BY Alaina Busch

Treatments for HIV, abnormal heart rhythms, osteoporosis and diabetes will be the initial focus of FDA's comparative effectiveness research program, with the agency's contractor planning to develop software to compare clinical trial designs, statistical techniques for subgroup analysis and tools to evaluate benefits and risk during a product's life cycle. Other efforts are continuing to standardize agency data and contribute information from insurers, FDA officials and other stakeholders said during a Drug Information Association computational science meeting Monday (March 14).

Johns Hopkins University professor Jodi Segal outlined four research projects moving forward in the Partnership in Applied Comparative Effectiveness Science program, a three-year research contract awarded through the economic stimulus and run by Hopkins. A team of biostatisticians, internists and an economist from Hopkins are working on the research in tandem with FDA investigators.

Hopkins received the contract in September and there are three subcontractors contributing claims data, and policy and technology expertise. The Lewin Group will supplement the effort with data from insurers and a multi-payer claims database that is under development, said Clifford Goodman, senior vice president of the group.

Using HIV data, one of the PACES studies will develop trial designs targeted at estimating the effects of treatments in subpopulations, Segal said. The research will generate software to compare adaptive and fixed clinical trial designs.

A second study will analyze data from cardiac resynchronization devices -- implanted products that help the heart beat properly -- to analyze how to combine data from disparate sources. The study is intended to produce Bayesian data models, which allow for the compilation of disparate data sources to form a broader conclusion.

Another analysis will look at the heterogeneity of treatment effects using osteoporosis data, Segal said. The team has developed an analytic framework to process multiple variables in subgroup analysis, including demographics, genetic variants and disease severity. The study will apply the framework to FDA studies involving subgroups, particularly those that lead to policy decisions. It will generate a graphical display of treatment effects in subgroups and possibly use external data from The Lewin Group, she said.

A fourth study, using data from diabetes trials, will develop tools to evaluate a product's risks and benefits, which are generally evaluated independently, Segal said. A multi-criteria decision analysis would allow for risk and benefit tradeoffs in complex situations.

Industry has been wary about how the research will affect product approvals and reimbursement, but stakeholders said comparative effectiveness decisions have already been made by payers when applying new products to the population.

"It really comes down to finding out what the decision makers want," said Robert Giffin, senior research director at the Center for Medical Technology Policy, which is also involved in the PACES project.

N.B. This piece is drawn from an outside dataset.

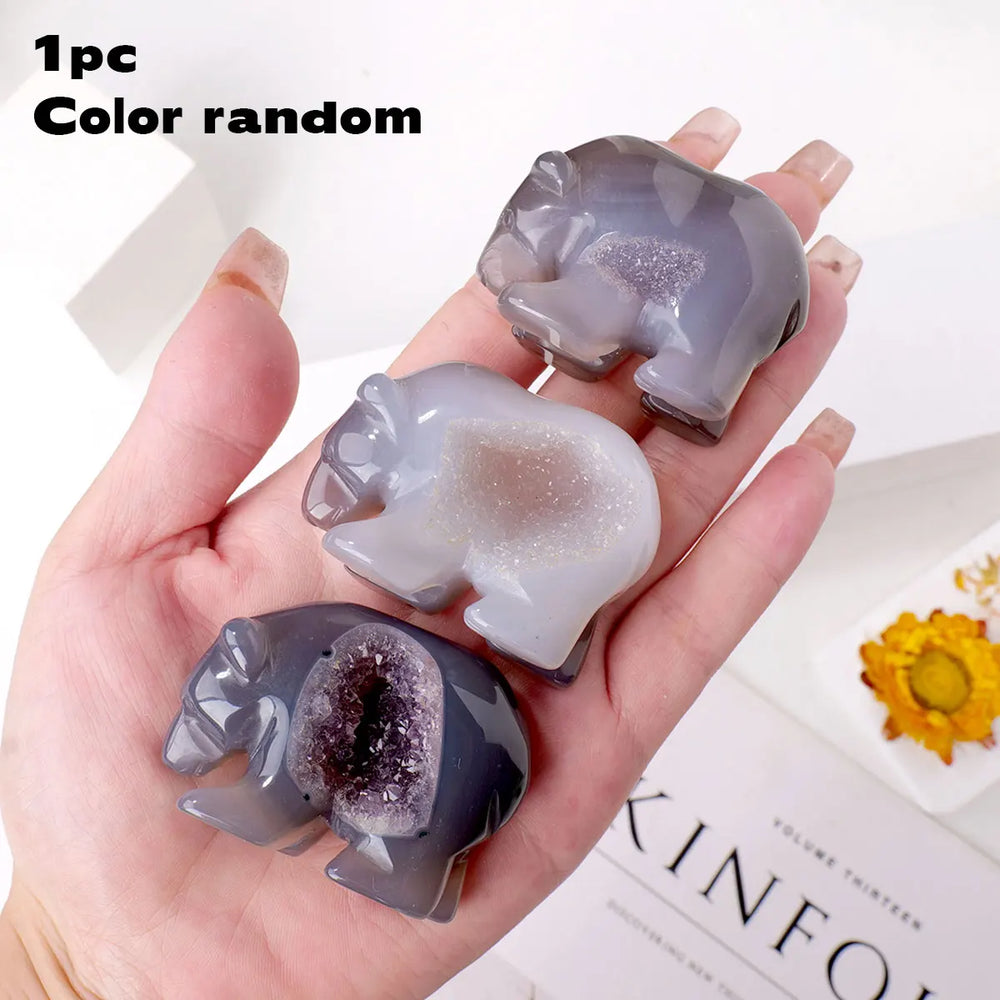 1PC Natural Crystal Agate Bear Hand Engraving Display Healing Crystals Home Decoration Gift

Giffin said industry will adjust to the surge of research in the area by changing the types of drugs in development and paying more attention to subgroup analysis. Companies are likely to shift to small clinical trials and align pre-and post-market studies, he said.

Agency officials also tackled industry concerns about access to the data, which is proprietary and FDA cannot share.

"It's not our data to give to anybody," said Lilliam Rosario, associate director of the FDA office of the chief scientist. FDA officials said they plan to publish the tools that are generated by the research, including clinical trial design methods.

Segal noted the unique nature and security considerations of the pilot program, which is a test case for accessing individual level data. "It really tests our ability to do good science with this data," she said.

FDA, meanwhile is working on conversion and validation of legacy data to allow the research to move forward. The Janus data repository will aggregate product data from various sources. FDA officials said HIV and osteoporosis data have been converted and said future data requirements will be more stringent to avoid conversions. They said they expect the Janus structure to change to address problems as they arise. The agency will also make a validation tool public to aid the process, officials said.

"We want to learn from this and we want to move forward," Rosario said, adding that future data will be more standardized.

She said by the end of the year, reviewers will have access to a "data mart," a precuser to Janus, which will be functional by 2013.